Présentation
Électrique
billet en ligne
Photo Régis Golay © Archipel, 2013

La vraie révolution sonore du XXe siècle, nous la devons à l’électricité. L’électronique et l’informatique n’en sont que l’épiphénomène. Étincelle qui jaillit entre les électrodes d’un arc à souder, l’électricité a créé des alliages esthétiques imprévus. Musique, danse, installation, radiophonie, art et divertissement, fusionnant dans un même métal.

SOUS TENSION

Dimanche 17 mars, on ouvre grand les portes de la Maison Communale de Plainpalais où se déroulent des dizaines de courts événements qui s’enchaînent sans discontinuer. Le public circule librement dans les salles pour y découvrir Compost électronique, installation de Mario Lorenzo qui recycle nos déchets électroniques, et les étranges machines robotiques de Felix Thorn, brinquebalantes, ludiques et sonores. L’ensemble de percussions Eklekto joue Zappa, Lang, Pape, dans une débauche de pulsations.
Trois spectacles chorégraphiques rythment la journée. Les corps y sont mis sous tension. The Boiling Point de Daniel Zea/Lucie Eidenbenz est un cygne exécutant une pole-dance dans la vapeur de cent bouilloires commandées par Max-MSP. Levante de Carlo Ciceri/Lorena Dozio explore la lévitation d’un corps soumis à des champs électriques. Collision hétérogène de Marc Garcia/Amandine Bajou voit danser un couple sur un vieux piano dont l’amplification restitue les cris.

CHAISE ÉLECTRIQUE

Il l’avait d’abord appelé Electric Chair Music : Time & Motion Study II, de Brian Ferneyhough, est l’archétype de la musique cybernétique, l’instrument truffé de prothèses électriques, hyperconnecté. Le cyborg-violoncelliste Arne Deforce s’y grille, et crée aussi Foris de Raphaël Cendo qui emprunte son dispositif à Ferneyhough, ce qui permet de mesurer l’incroyable sophistication atteinte par la transformation électronique en quarante ans. L’électricité comme solution au problème de virtuosité ? La dernière mesure de Nomos alpha de Xenakis est injouable sans re-recording, Ruben Sverre Gjertsen en étend le principe dans sa création Psi pour violoncelle et électronique.

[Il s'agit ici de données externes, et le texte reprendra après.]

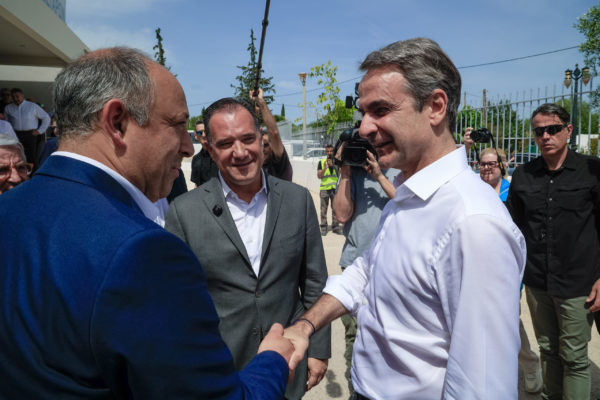 Στα Μέγαρα ο Κυριάκος Μητσοτάκης – Η δήλωσή του από το Κέντρο Υγείας πριν από λίγο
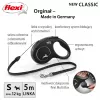 Flexi New CLASSIC 5 m melna suņa automātiskā pavada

Enfin les « Papier à musique », courts métrages de Yann Pröfrock rappellent l’importance de la trace écrite dans ce monde de la connexion instantanée.
Tous ces événements sont présentés en continu : Y a de l’électricité dans l’ère, No Satisfaction, Corps sous tension, Chaise électrique, Papier à musique (MCP le 17.3 de 11h à 17h).

ELECTRIC KITCHEN

Le climax de cette journée exceptionnelle est l’hommage de Sebastian Rivas au mythique album de Miles Davis Kind of Blue. Cet enregistrement auquel participent, durant trois jours d’improvisations, John Coltrane et Bill Evans, eut un impact dépassant largement le monde du jazz. Rivas y voit la naissance du minimalisme, la fin du développement classique. C’est dans ce studio Columbia de New York en 1959, puis dans la Factory de Warhol dans les années 60, puis à la Kitchen où jouent les Répétitifs que naît ce pop-art nouveau achevant de brouiller les frontières du savant et du populaire.
Évoquant l’esprit de ces temples new yorkais, Rivas mêle ses créations, l’électronique, à des arrangements de Davis, Velvet Underground, King Crimson, Reich, Riley, La Monte Young dans un concert de l’ensemble Ars Nova (MCP le 17.3 à 17h).

NOUVEAUX COURANTS

Comme chaque année les étudiants des Hautes Écoles de Musique de Genève et Zürich présentent leurs créations dans les Ateliers Cosmopolites. Découverte d’une jeune génération pour qui l’électricité, l’électronique et l’informatique sont au cœur de la pensée musicale (Pitoëff les 20 et 21.3 à 18h). Puis les trois lauréats du 10e Concours Ferrari créeront leurs Hörspielen. Correspondances sonores écrites en 5.1 plutôt qu’à la plume d’oie (Pitoëff le 22.3 à 18h).